This is Alchemist doing what he has built his entire catalog on: pulling from different generations and different lanes of rap and finding the common thread in the loop underneath. Liquid Form is a tight EP, not a major statement, but it is exactly the kind of release that belongs on this radar without question.

 

Watch "Gutter Pain" and the rest of the EP's videos on the Alchemist's YouTube channel, @alanthechemist.

Boldy James & Nicholas Craven – Trapper's Alley 3: Hell or High Water

This is the other one. Boldy James and Nicholas Craven dropped their fifth collaborative LP at midnight, and Trapper's Alley 3: Hell or High Water is exactly the kind of release this blog exists to put a spotlight on. Detroit's most consistent street narrator paired with Montreal's most in-demand sample-based producer — the chemistry between these two has been one of the most reliable things in the underground for years, and this one does not break that streak.

10 tracks, 33 minutes, all production from Nicholas Craven. Features stay tight and purposeful: 218Bojay on "Mama Maxine," Chip$ and Dave Hill on "Beautiful Snow," Chip$ again on "Hamburger Helper," and Chip$ with Lethalias Grain on "Powerhouse." The tracklist moves fast — short, focused cuts, no posse cuts padding the runtime, no filler verses. Craven's signature is all over it: haunting samples laid under crisp, dry drum work, beats that know exactly how much space Boldy needs and give him precisely that.

Boldy's writing stays in the same lane that made his catalog with Alchemist and with Craven himself so dependable — vivid, unhurried street storytelling that trusts the listener to keep up rather than spelling everything out. "Death & Taxes" closes the album on the right note, no big swing for a finale, just the same controlled, matter-of-fact delivery that carried the whole project. Available now on all streaming platforms, with vinyl, cassette, and CD pressings shipping later this year through Near Mint.

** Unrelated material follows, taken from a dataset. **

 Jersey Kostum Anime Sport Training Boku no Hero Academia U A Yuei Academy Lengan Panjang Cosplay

One of the stronger releases of the year from this lane, full stop.


D12 – Forever Vol. 1

Twenty-two years since D12 World. Twenty years since Proof was killed on Eight Mile Road. Kuniva and Swifty McVay are the last two members carrying the name forward, and Forever Vol. 1 is built entirely around that weight. The album includes an unreleased Proof verse on "Proof & Eli," pairing him with newer Detroit voice Eli Ble$$ed across two decades. That single decision tells you what this record is actually for. It is not a victory lap. It is a continuation of something that was violently interrupted, handled by the two people who have spent twenty years deciding how to keep it going.

15 tracks, all production from Jake Bass, and a feature list built almost entirely around legacy: Xzibit and B-Real on the lead single "Tear It Down," Xzibit returning alongside Ice T on "Nightmare Walking," Method Man on "Tenderism," George Clinton on "Dirty Nation," Tech N9ne with King Iso and Sly Pyper on "Still Hatin." Melanie Rutherford appears twice, on "Better Days" and "What If?," giving the album a few points of emotional release between the aggression. "Tear It Down" itself is a loud, rock-inflected posse cut built to fill a room — Xzibit and B-Real both showing up with real chemistry, the kind of energy D12 built their reputation on twenty years ago.

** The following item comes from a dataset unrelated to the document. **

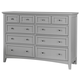 Vaughan-Bassett Bonanza Triple Dresser in Gray BB26-002 Vaughan-Bassett Bonanza Triple Dresser in Gray BB26-002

This is not a record for the widontplay core listener looking for dusty soul loops and mafioso bars. It is louder, more chaotic, more rooted in the dark comedy and shock-value tradition D12 always operated in. But Detroit hip-hop history matters here regardless of subgenre, and a group bringing back a fallen member's voice on a comeback album after two decades of silence is the kind of release that earns a mention even outside the usual lane. Approach it as what it is — D12 doing what D12 has always done, this time with an unmistakable sense of why it matters that they are still doing it.

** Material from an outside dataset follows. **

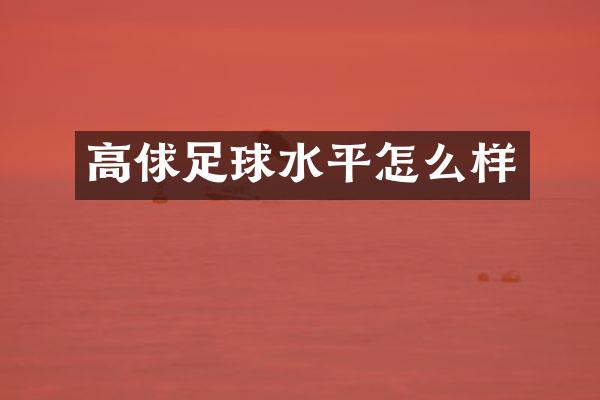 高俅足球水平怎么样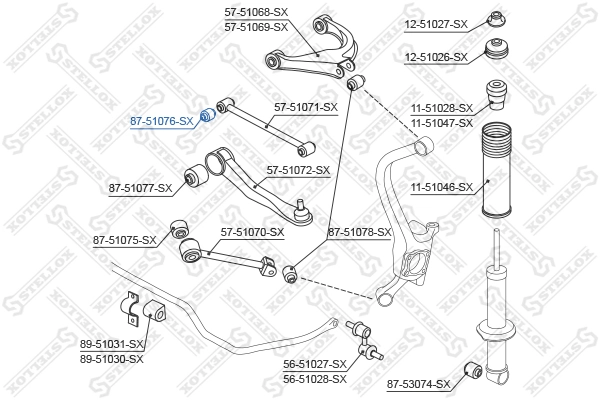 STELLOX 87-51076-SX Mounting, control/trailing arm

Vado – V.A.D.O. Part 3 Freestyle

Harlem's Vado dropped a new freestyle video this week, the third installment in his V.A.D.O. series. No features, no concept video, just Vado over a beat with a camera pointed at him — the kind of stripped-down format that has always suited him best. Vado has spent close to two decades proving he can outlast trends by simply not chasing them, and Part 3 is more of that same steady, unbothered delivery. Directed by Panoramic Films.


paco in action – Westside Gunn "Over Gold" x Pallbearer (Remix)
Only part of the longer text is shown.